Stand up, one favourite son. We salute you!
We are presently at a point in this 2012 International rugby calendar when it is easy to consider a lull in expectations. We don't confess such a creed in All Black, but with Lord Bledisloe and the Investec Rugby Championship signed and sealed, the trophies have been won; however. There is always a, however, when it is Test time. No result other than a win will do. Another mark in the legacy and jersey likely proving enough, but when the players mentally pull together their collective thoughts, there will be additional motivation to honour the man in this one Test who has done so in the 99, previously. This is no small feat. We remember the significant celebrations for Captain McCaw and Mr Mils Muliaina. Both were able to celebrate after, because of what happened before; a win. While his career is more than a match, this will set the tone for what happens next, with the All Blacks motivated to cap centurion, extending the winning record to a "Super 17," thereby also providing the appropriate detail for a reflection of another's journey with the passing of Steve Hansen's, Dad, Des.
The New Zealand psyche is an interesting beast that prefers to stay in the shadows until the music plays, only then showing the moves that mystify me and you. Don't talk it up. Play it first. Since we are free from playing it into practice, we can enjoy this lack, by unequivocally stating this All Blacks unit should lay some more hurt on Robbie's charges in Brisbane. When we consider the Gold, we don't usually start up front, with names like Will Genia and Digby Ioane among those that keep our attention. They are missing in Brisbane. The stark and recent contrast in realities has even encouraged the opposition to talk up the All Blacks as the best ever. If McCaw is correct in his assertion that the Wallabies are weakest when at their most confident, in contradistinction to popular perception, maybe we should be thinking again about this present danger on Saturday night?!
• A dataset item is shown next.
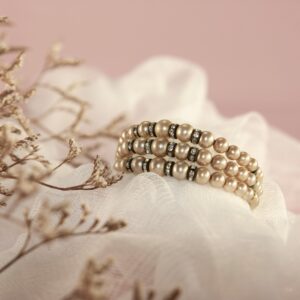 Close-up of a pearl bracelet with delicate details on a soft pink fabric.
The Wallabies have gone to the Breakdown well on media platforms, which is always the key and catalyst for success, particularly with two sides seeking to use the ball. The domination for the All Blacks at Eden was as vast as the opposition's total was lacking. Given the make-up of the Wallaby 22, they know if they are to have any chance, they must start there early and stay late, dominating McCaw and his posse. Seriously. Referee Craig Joubert should encourage this contest. When the Wallabies have had success, the man in 9 has also proved problematic for the defence. Genia's strength, speed, and ability to elude, has broken more than one line. The 9 to watch in this Test is on the other team, with Aaron Smith set to have a strong showing. While Nick Phipps is your meat and potatoes, Aaron Smith should provide the gravvy with service and speed. He should look to dart, forcing the insides to respect, also helping his outsides to unleash; a backline that has scored all but one of the All Blacks tries in this first Investec Rugby Championship season. It has plenty of points to give.
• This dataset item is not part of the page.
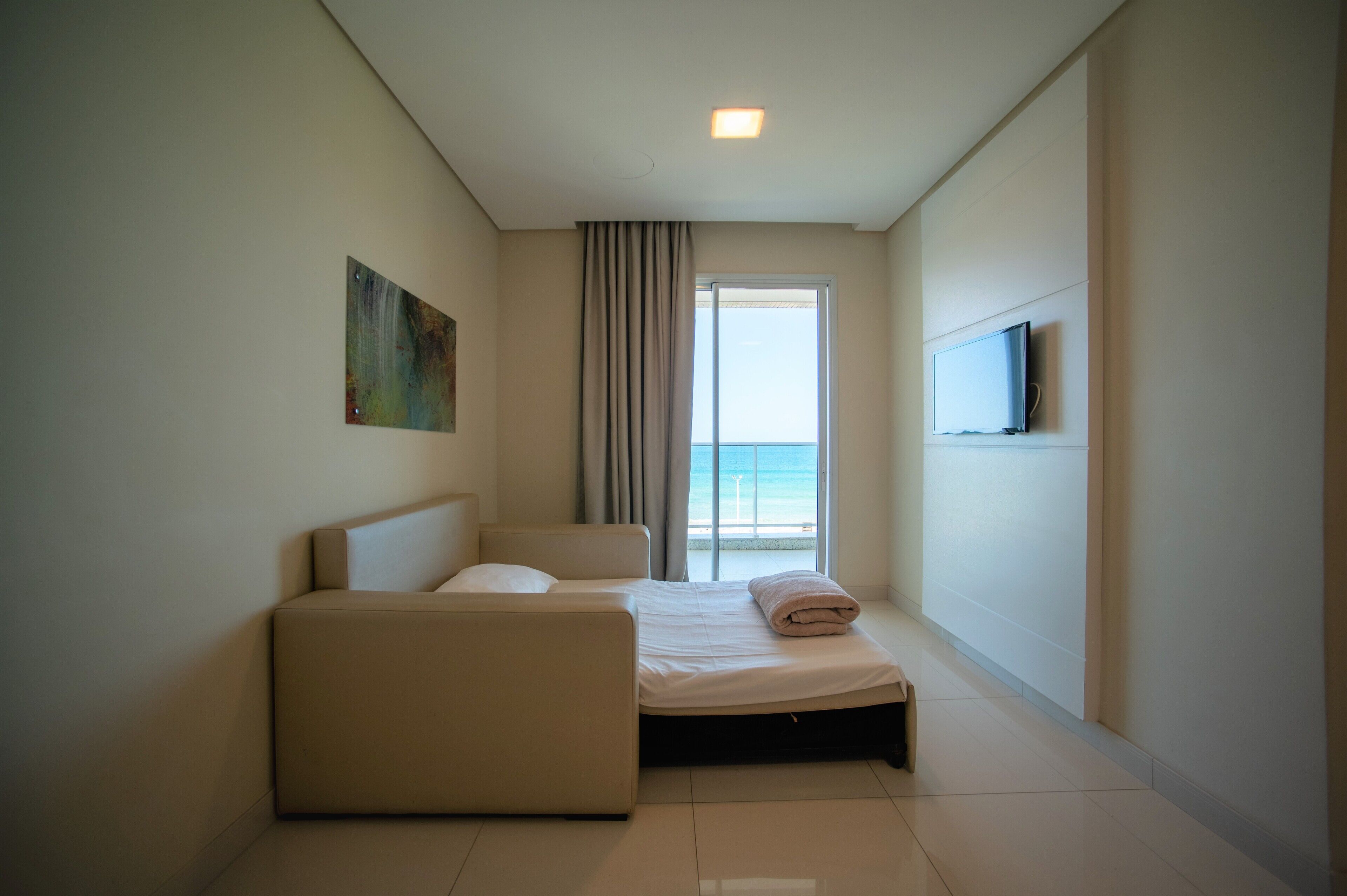 A hotel room with a bed, a sofa, a TV mounted on the wall, and a large window with a view of the sea.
Let's be Owen Franks; when speaking of the present Test match winning streak at 18 by Lithuania; yes; what follows post-Wallaby should not suffer the All Blacks, versus Scotland and Italy, in taking this total. This is the one; the potentially sneaky fixture where mentally there is some give after much success. The All Blacks must walk onto Suncorp with a steel-trap for a mind, hell-bent on success. The reminder of Owen, also of significance, as Charlie Faumuina wins his first start; an All Blues Front Row.
The Wallabies would love nothing more than to be the team to silence the juggernaut. If this side has the growth and standing that many claim that it does; it should win by two hands and some toes; should take-it-to-make-it, 17; celebrate the way it knows how for one of the storied few, also remembering the coach; a now fallen son.
You know we will be live and active on the tweeting timeline come game-time, also reflecting on what has transpired, post the war.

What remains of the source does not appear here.